This should happen to you about 1 in every 620 games that have 3 players, 14 tiles that an Abbot can be played on, 1 start tile, and 57 other tiles.
Given that there are 72 tiles, in a 3-player game, you'd draw either 23 or 24 tiles, depending on turn order. Although the 72 tiles divide evenly, one of them is the start tile and is removed. I'll assume that in 1/3 of games you go last, and only get 23 tiles.
Without changing the statistics, we can pretend you draw all your tiles first, without any other players taking their turns. You can think of their turns as simply showing you what was never in the tiles you were going to get without affecting it, besides that you're stopping your draws early and not drawing the whole stack.
Drawing 23 tiles out of 71 without replacement, 57 of which are not Abbot-eligible, your chance of only drawing from those 57 is 57/71 * 56/70 * ... * 35/49. This comes out to about 0.200% (or about one in 499) of games where you go last.
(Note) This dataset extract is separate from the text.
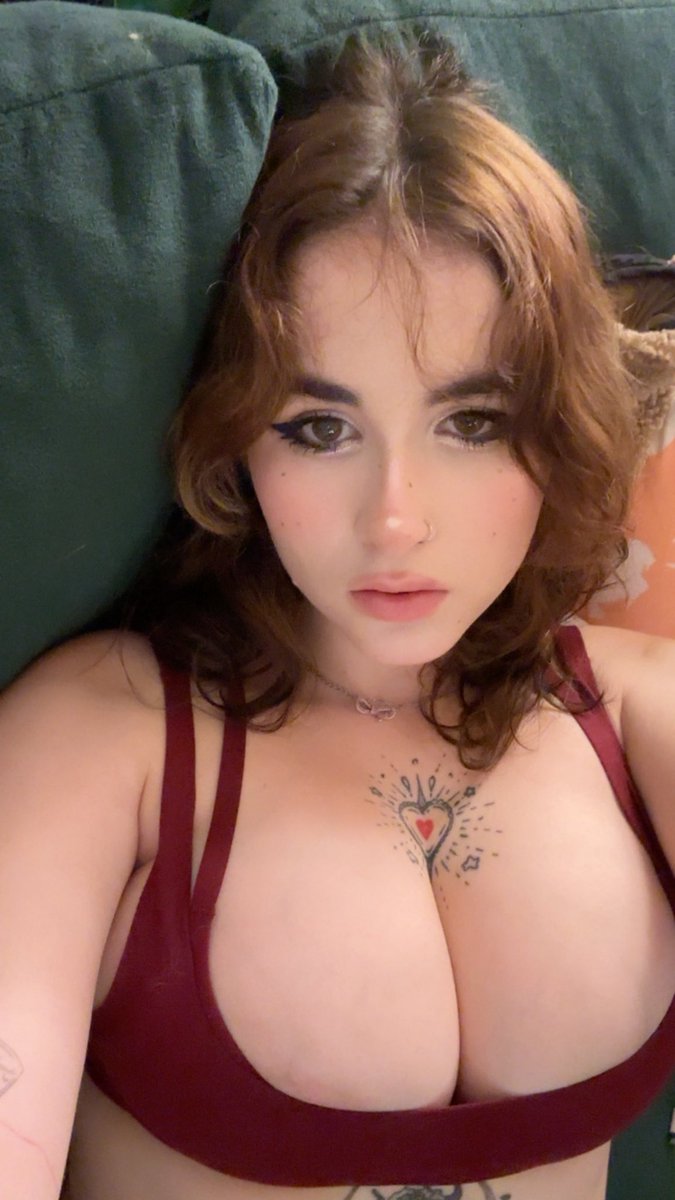 rexchuwu's tweet photo. Sitting on the couch chatting and sending 🍒 pics 🫣❤️✨ https://t.co/j20lQRWvlE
Drawing a 24th tile multiplies this by 34/48, for about 0.142% (or about one in 705) in games where you don't go last.
Weighting the probabilities together based on your chance of actually going last it's 0.161% (or about one in 620).
Obviously changing the number of players, introducing river tiles, or caring about whether anyone at the table can't play an Abbot rather than just you would change the chances.